If your dump is large, I will bet that the additional time comes from reading data and sending it over the wire. You should mesure time consumed in the sending process (reading time before and after finishing sending).
If this is indeed the source of the additional time, you just have to remove that time from the next time to wait.
Example: Sending the previous block of data took 4s, the next block is 10s later, but as you allready consumed 4s, you just wait for 6s.
sleep is still a quite imprecise timer and obviously the above mechanism won't work if sending time is larger than delay between sendings, but you get the idea.
Correction sleep is not so bad in windows environment as it is in unixes. Accuracy of windows sleep is millisecond, accuracy of unix sleep is second. If you do not need high precision timing (and if network is involved high precision timing is out of reach anyway) sleep should be ok.
Any modern multitask OS's scheduler will not guarantee any exact timings to any user apps.
You can try to assign 'realtime' priority to your app some way, from a windows task manager for instance. And see if it helps.

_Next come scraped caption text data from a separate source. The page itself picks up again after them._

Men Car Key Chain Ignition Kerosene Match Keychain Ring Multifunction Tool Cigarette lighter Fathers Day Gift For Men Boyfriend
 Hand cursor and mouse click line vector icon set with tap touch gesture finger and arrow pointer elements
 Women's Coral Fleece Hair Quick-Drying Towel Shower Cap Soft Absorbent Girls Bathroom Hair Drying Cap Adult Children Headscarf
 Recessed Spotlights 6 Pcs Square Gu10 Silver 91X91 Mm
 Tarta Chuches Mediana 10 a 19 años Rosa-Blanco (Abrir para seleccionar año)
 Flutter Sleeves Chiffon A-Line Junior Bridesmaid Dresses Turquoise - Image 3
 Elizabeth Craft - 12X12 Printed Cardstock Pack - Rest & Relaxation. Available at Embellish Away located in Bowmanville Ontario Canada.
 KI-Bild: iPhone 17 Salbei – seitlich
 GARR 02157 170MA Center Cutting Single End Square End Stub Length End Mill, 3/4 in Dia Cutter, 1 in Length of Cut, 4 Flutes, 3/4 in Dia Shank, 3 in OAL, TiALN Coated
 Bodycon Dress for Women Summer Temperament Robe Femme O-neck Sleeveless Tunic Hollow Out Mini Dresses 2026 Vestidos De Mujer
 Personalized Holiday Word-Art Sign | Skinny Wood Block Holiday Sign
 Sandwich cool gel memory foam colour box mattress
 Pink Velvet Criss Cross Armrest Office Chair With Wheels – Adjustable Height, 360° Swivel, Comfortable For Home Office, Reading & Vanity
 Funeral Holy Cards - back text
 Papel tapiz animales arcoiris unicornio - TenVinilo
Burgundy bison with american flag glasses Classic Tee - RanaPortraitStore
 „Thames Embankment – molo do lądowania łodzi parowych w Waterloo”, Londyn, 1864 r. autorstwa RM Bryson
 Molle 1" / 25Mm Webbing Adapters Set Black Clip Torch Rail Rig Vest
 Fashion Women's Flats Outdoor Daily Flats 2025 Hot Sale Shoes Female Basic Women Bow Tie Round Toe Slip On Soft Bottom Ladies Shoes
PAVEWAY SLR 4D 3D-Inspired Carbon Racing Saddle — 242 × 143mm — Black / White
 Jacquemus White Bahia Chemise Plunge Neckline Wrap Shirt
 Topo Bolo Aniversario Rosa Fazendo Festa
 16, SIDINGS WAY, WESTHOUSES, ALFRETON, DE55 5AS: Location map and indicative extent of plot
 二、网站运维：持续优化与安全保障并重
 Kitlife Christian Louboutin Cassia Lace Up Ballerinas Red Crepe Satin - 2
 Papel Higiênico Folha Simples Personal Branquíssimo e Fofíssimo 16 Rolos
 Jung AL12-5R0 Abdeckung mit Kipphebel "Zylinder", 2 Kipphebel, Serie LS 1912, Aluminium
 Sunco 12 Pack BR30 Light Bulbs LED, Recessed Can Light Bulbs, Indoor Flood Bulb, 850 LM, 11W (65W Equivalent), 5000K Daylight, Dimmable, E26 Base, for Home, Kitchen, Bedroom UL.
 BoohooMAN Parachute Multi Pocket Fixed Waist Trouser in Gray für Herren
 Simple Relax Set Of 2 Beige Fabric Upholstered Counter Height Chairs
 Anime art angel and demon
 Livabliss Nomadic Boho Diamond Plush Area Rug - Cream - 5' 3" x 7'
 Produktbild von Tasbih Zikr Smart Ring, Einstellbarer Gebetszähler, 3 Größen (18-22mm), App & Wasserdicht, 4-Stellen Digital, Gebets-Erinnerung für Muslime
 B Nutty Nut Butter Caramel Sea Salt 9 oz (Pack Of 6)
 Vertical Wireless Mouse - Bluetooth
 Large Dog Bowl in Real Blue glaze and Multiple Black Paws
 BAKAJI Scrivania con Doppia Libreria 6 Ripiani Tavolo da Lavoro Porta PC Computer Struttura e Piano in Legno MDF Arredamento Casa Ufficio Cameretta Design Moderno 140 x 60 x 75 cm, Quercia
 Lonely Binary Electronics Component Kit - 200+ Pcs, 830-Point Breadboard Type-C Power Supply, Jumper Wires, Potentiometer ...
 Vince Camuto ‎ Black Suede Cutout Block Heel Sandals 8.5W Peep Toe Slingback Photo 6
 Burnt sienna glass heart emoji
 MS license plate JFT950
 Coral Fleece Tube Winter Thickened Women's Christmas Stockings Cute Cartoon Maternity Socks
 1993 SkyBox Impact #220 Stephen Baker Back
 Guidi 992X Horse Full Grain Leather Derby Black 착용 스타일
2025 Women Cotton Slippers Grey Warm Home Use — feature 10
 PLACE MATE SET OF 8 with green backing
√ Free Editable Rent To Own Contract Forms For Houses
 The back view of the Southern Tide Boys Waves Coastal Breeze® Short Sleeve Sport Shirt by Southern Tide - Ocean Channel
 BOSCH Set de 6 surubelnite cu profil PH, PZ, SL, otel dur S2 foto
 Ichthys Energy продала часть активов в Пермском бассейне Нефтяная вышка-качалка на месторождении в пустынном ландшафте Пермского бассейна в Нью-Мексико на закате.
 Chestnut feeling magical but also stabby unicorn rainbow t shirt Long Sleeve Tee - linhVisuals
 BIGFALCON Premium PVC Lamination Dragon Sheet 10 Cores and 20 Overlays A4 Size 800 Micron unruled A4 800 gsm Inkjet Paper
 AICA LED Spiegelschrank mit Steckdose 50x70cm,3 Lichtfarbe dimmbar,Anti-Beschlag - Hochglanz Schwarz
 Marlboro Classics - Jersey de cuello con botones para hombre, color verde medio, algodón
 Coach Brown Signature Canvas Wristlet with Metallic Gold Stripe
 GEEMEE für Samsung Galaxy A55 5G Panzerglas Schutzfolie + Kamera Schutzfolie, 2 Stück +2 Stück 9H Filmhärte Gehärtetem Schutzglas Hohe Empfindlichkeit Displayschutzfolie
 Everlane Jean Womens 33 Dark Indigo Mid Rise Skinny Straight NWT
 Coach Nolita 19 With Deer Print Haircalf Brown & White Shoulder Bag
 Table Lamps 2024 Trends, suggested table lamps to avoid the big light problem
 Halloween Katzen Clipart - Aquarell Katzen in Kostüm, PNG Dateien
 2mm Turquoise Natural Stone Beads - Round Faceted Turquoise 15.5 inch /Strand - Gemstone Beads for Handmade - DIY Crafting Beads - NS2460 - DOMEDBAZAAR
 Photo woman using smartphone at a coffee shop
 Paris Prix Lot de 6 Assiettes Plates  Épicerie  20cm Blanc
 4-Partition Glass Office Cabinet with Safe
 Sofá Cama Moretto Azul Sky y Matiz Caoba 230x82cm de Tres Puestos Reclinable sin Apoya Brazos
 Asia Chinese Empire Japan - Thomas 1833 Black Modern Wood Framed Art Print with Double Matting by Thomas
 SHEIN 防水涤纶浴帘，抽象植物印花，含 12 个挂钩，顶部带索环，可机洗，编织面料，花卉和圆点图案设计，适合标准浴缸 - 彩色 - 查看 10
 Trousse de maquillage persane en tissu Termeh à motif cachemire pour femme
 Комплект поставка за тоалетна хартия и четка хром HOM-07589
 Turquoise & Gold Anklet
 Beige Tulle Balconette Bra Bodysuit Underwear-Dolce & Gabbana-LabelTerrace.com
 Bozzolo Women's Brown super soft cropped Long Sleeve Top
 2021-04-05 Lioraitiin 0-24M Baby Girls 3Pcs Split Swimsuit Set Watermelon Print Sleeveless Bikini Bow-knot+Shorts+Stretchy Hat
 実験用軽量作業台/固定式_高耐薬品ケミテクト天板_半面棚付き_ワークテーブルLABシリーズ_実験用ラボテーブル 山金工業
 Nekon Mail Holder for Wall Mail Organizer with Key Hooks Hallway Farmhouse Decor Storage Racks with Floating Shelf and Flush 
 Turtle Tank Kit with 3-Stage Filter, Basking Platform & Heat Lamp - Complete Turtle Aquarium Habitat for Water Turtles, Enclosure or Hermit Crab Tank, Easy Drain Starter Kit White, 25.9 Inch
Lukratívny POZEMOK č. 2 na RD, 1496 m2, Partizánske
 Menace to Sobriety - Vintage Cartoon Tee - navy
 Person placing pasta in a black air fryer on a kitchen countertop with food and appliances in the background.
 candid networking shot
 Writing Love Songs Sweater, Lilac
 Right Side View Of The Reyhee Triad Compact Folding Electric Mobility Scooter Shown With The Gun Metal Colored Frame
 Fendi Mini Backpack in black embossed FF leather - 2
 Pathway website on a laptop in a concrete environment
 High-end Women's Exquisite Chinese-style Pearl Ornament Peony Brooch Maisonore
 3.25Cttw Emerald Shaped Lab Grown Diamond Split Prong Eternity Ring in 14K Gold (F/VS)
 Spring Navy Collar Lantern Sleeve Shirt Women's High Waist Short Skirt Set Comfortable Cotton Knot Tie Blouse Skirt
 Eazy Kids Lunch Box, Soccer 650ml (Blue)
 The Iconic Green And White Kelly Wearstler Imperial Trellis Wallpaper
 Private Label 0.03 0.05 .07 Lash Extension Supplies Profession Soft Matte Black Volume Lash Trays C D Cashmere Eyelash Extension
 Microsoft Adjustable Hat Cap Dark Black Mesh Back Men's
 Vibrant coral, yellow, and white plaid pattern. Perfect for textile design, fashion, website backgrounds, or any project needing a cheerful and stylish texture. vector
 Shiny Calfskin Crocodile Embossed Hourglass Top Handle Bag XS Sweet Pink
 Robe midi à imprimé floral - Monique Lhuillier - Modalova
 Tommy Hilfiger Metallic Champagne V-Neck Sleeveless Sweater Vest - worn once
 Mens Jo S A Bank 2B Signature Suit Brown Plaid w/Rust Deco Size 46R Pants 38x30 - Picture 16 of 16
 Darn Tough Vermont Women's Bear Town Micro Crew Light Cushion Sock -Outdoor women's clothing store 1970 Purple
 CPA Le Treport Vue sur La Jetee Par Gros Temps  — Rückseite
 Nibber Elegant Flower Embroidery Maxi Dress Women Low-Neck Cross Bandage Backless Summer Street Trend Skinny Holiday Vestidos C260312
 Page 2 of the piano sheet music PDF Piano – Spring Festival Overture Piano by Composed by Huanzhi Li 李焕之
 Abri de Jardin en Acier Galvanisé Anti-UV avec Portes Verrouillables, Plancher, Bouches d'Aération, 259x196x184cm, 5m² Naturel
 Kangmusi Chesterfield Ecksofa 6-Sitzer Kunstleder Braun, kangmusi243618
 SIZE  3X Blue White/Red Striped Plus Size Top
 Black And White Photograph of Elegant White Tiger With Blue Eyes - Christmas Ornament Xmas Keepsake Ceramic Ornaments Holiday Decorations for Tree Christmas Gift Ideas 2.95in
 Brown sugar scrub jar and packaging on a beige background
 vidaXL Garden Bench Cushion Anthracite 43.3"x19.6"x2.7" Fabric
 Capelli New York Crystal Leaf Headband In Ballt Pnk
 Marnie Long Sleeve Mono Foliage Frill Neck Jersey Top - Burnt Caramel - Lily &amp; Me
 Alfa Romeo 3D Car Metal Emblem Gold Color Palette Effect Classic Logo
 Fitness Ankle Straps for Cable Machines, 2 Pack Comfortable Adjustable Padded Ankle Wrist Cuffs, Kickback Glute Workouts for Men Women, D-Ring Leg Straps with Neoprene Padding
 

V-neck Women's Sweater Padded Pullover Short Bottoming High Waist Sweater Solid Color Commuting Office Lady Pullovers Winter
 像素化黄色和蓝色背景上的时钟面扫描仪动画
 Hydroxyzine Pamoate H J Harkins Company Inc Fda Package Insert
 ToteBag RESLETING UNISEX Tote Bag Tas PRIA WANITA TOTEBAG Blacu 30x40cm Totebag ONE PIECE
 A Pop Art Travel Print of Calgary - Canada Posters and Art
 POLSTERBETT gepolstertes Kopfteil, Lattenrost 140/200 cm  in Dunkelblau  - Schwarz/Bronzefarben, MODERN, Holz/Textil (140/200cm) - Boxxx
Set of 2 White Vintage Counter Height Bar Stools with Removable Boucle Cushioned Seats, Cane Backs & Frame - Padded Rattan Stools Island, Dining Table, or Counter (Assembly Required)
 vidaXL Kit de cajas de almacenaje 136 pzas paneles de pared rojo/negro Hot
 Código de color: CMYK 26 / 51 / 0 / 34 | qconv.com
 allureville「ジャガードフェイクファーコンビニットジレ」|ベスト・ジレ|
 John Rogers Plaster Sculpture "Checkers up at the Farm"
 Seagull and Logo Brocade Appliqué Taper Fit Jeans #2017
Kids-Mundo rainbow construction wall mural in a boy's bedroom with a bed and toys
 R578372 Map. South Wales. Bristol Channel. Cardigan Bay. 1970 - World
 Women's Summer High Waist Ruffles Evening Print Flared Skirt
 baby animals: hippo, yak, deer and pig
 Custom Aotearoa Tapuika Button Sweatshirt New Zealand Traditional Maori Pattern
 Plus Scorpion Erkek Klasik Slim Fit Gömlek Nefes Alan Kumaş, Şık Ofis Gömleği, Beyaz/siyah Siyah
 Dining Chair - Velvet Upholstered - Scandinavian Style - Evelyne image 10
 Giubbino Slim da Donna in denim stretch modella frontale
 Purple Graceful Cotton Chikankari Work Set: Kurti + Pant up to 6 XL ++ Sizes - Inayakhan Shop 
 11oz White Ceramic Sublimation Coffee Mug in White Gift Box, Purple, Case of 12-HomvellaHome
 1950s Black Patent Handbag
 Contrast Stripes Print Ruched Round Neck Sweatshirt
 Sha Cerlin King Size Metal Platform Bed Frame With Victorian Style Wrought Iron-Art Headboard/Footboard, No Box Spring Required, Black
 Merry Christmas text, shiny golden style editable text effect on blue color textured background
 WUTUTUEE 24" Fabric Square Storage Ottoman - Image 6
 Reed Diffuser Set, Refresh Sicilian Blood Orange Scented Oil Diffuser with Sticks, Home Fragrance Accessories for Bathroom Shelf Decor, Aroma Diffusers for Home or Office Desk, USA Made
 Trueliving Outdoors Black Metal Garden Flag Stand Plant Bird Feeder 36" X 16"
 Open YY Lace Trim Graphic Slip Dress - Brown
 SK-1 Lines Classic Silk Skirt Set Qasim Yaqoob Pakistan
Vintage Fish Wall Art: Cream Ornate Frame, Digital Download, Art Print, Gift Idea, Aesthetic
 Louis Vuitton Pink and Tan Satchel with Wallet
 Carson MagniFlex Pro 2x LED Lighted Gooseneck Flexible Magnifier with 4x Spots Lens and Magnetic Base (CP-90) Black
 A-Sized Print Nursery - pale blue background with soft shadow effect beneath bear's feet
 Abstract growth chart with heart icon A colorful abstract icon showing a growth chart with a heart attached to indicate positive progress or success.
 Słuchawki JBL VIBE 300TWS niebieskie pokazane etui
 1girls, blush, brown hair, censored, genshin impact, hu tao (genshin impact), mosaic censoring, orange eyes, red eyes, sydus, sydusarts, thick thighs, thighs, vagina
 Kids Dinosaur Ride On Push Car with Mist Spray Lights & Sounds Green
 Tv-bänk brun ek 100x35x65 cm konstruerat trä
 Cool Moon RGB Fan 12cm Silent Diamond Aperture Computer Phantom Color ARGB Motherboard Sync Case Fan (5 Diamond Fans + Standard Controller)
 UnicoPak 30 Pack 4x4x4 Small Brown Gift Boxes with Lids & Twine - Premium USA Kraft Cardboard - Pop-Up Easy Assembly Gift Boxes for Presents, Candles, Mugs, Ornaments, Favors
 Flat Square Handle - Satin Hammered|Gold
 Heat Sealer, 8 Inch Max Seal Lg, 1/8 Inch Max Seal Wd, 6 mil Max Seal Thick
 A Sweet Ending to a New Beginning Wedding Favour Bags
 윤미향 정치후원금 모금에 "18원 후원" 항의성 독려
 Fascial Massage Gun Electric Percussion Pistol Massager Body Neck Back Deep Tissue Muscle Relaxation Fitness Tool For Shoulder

Another solution is to implement a 'controlled' sleep, i.e. sleep a series of 500ms, checking current timestamp between them. so, if your all will sleep a 1s instead of 500ms at some step - you will notice it and not do additional sleep(500ms).
Try out a Multimedia Timer. It is about as accurate as you can get on a Windows system. There is a good article on CodeProject about them.
Sleep function can take longer than requested, but never less. Use winapi timer functions to get one function called-back in a interval from now.
You could also use the windows task scheduler, but that's going outside programmatic standalone options.